5. Il sera fait une juste appréciation des préjudices, dont le montant n'est pas contesté en défense, en condamnant la société Dalkia à verser à la société MAIF Assurances une indemnité de 30 652,92 euros.

Sur les intérêts :

6. La société MAIF Assurances est fondée à ce que la somme de 30 652,92 euros soit assortie des intérêts au taux légal à compter du 15 février 2023, date non contestée de réception du courrier mettant la société Dalkia en demeure de payer la somme demandée.

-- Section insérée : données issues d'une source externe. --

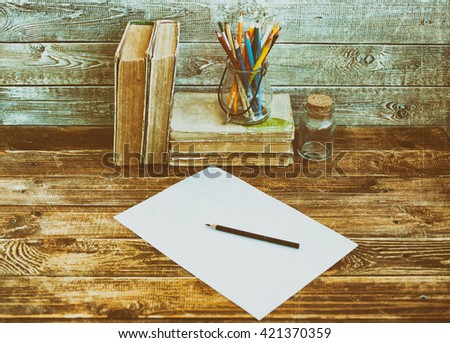Old books and pencils on a wooden table on a wooden background. Vintage or retro tone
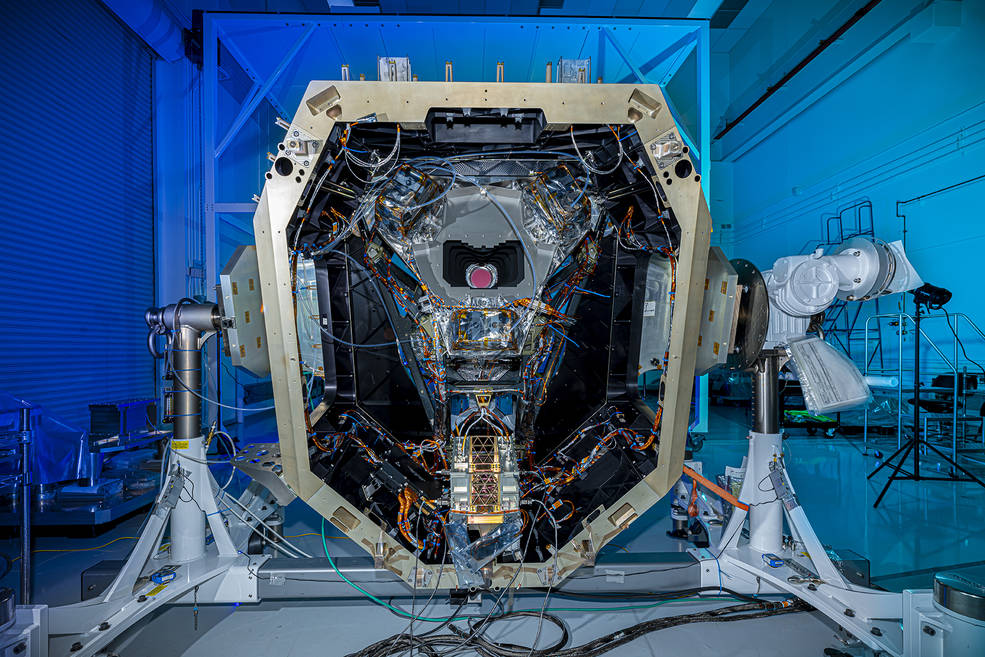 A large metal structure with a thick, silver metal frame stands upright and is open, revealing an interior full of twisted bundles of wires and other metal components. Near the center, a space is open like a smile and a red circle glows from inside it.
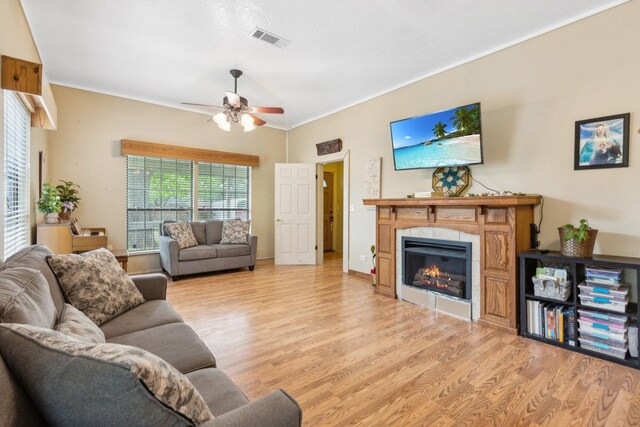 living area with a ceiling fan, visible vents, light wood-style flooring, and a fireplace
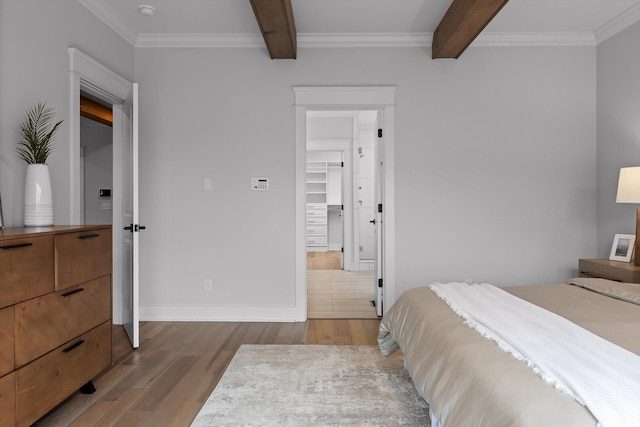 bedroom featuring wood finished floors, beam ceiling, ornamental molding, a spacious closet, and baseboards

Sur les frais d'instance :

7. Dans les circonstances de l'espèce, il y a lieu de mettre à la charge de la société Dalkia une somme de 2 000 euros sur le fondement des dispositions de l'article L. 761-1 du code de justice administrative. En revanche, dès lors que la société MAIF Assurances n'est pas la partie perdante dans la présente instance, ces mêmes dispositions font obstacle à ce qu'une somme soit mise à sa charge.

D E C I D E :

Article 1er : La société Dalkia est condamnée à verser à la société MAIF Assurances la somme de 30 652,92 euros (trente mille six cent cinquante-deux euros et quatre-vingt-douze centimes), assortie des intérêts au taux légal à compter du 15 février 2023.

Article 2 : La société Dalkia versera à la société MAIF Assurances la somme de 2 000 euros sur le fondement de l'article L. 761-1 du code de justice administrative.

Article 3 : Le présent jugement sera notifié à la société MAIF Assurances et à la SA Dalkia.

Délibéré après l'audience du 22 mai 2025, à laquelle siégeaient :

- M. Rees, président,

- Mme Dobry, première conseillère,

- Mme Poittevin, conseillère.

Rendu public par mise à disposition au greffe le 20 juin 2025.

La rapporteure,

L. POITTEVIN

Le président,

P. REES

La greffière,

V. IMMELÉ

La République mande et ordonne au préfet de la région Grand-Est, préfet du Bas-Rhin en ce qui le concerne ou à tous commissaires de justice à ce requis en ce qui concerne les voies de droit commun contre les parties privées, de pourvoir à l'exécution de la présente décision.